Cnet: Court: Network Associates can’t gag users. New York state Supreme Court Justice Marilyn Shafer issued a ruling, made public this week, prohibiting the security software specialist from trying to use its end-user license agreements to ban product reviews or benchmark tests. The judge called the company’s attempted ban “deceptive” because it implied consumers who conducted the reviews would be violating the law, when they would not. Shafer has not ruled on damages.

I don’t quite get the “deceptive” part of this, but the ruling is a good one in any case. Stifling criticism is a lousy idea no matter what the reason.

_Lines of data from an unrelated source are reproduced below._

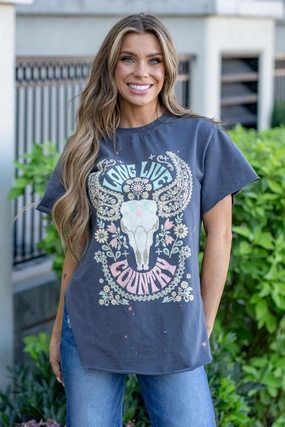 V neck elegance Comfy Wear Fit Zutter Long Live Country Cow Skull Graphic T-Shirt Ink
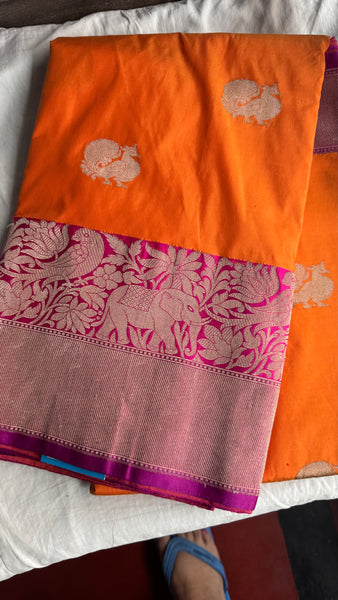 Pure Peacock Elephant Katan Silk Saree in Orange, Pink, and Magenta
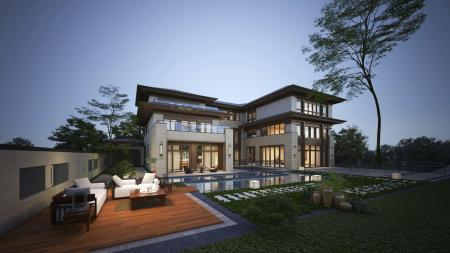 Detached villa 3ds max vray exterior scene model 0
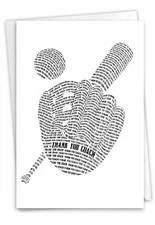 1 Funny Thank You Card with Envelope - Baseball Mitt C3124TYG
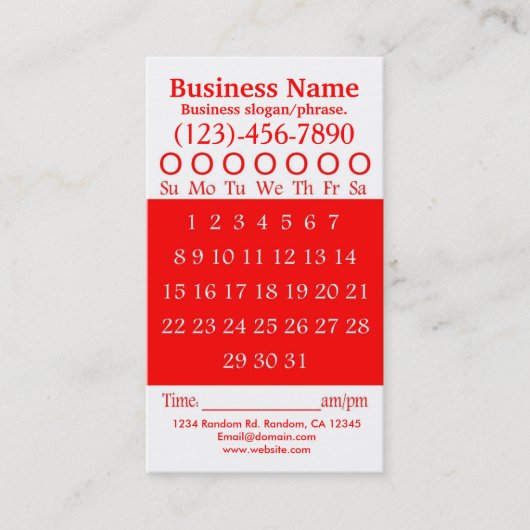 Carte de rendez-vous de perforation blanche rouge (Devant)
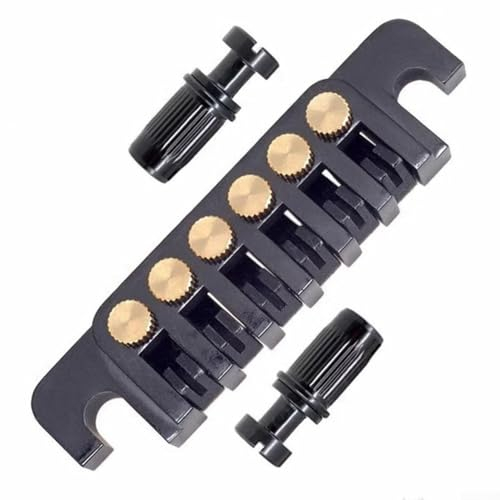 TP6 Stegstopperleiste, 70er-Jahre-Steg, Saitenhalter, Rollsättel-Stil, Brücke für 6-saitige LP oder ähnliche Gitarren (schwarz)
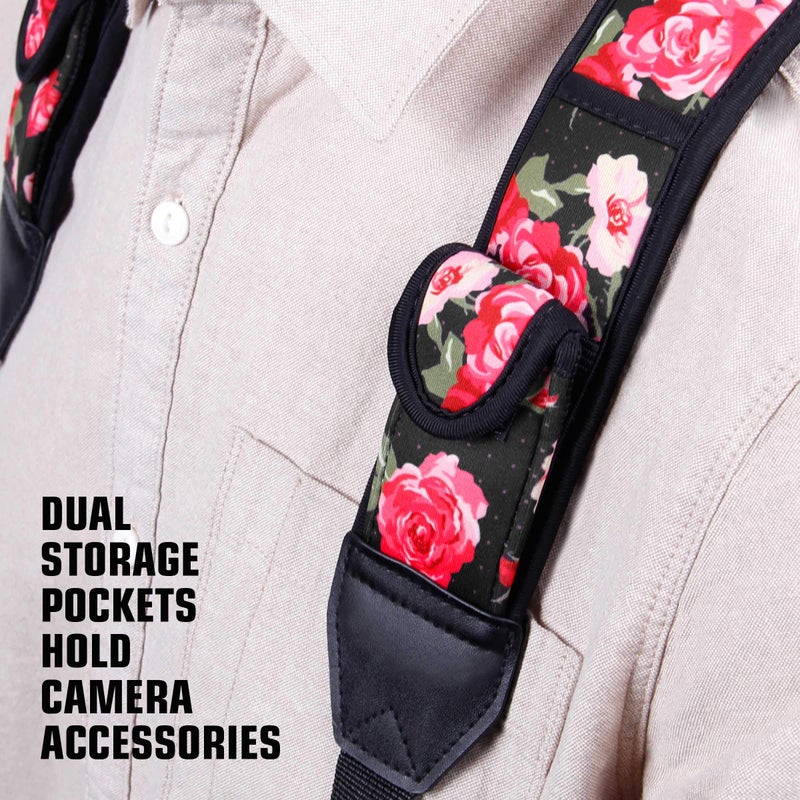 USA Gear DSLR Camera Strap Chest Harness with Quick Release Buckles, Floral Neoprene Pattern and Accessory Pockets - Compatible with Canon, Nikon, Sony and More Point and Shoot and Mirrorless Cameras - Image 3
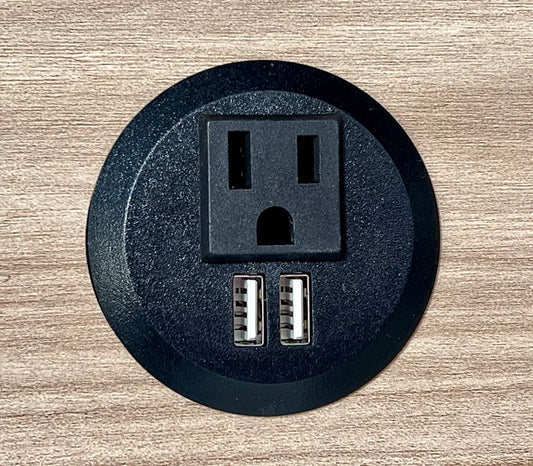 Black Dog Office Power Grommet 2"-2.5" DIA - ONE AC, TWO USB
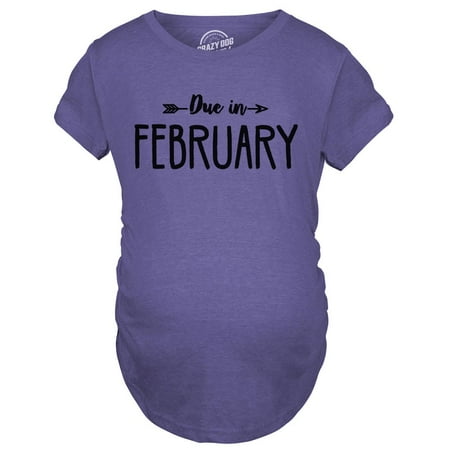 

Maternity Due In February Funny T shirts Pregnant Shirts Announce Pregnancy Month Shirt (Heather Purple) - M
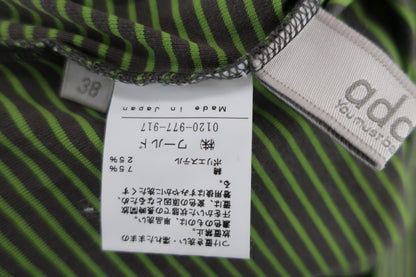adabat(アダバット) モックネックシャツ 緑茶色ボーダー レディース 38 A-5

Network Associates says it just wants to prevent unfair or inaccurate reviews and comparisons. Gosh, I have a feeling that politicians would like to force reporters into similar boxes.

The company has only a passing acquaintance, apparently, with an old-fashioned thing we call free speech. Unfortunately, the protectors of free speech have done such a lousy job in recent years — not in defending it legally but making clear to people why it’s so crucial — that Network Associates’ argument may sound appealing to those who don’t think it through.

The way to combat speech you don’t like is more speech — better speech. Perhaps someone should remind the Network Associates lawyers that the First Amendment still stands for something.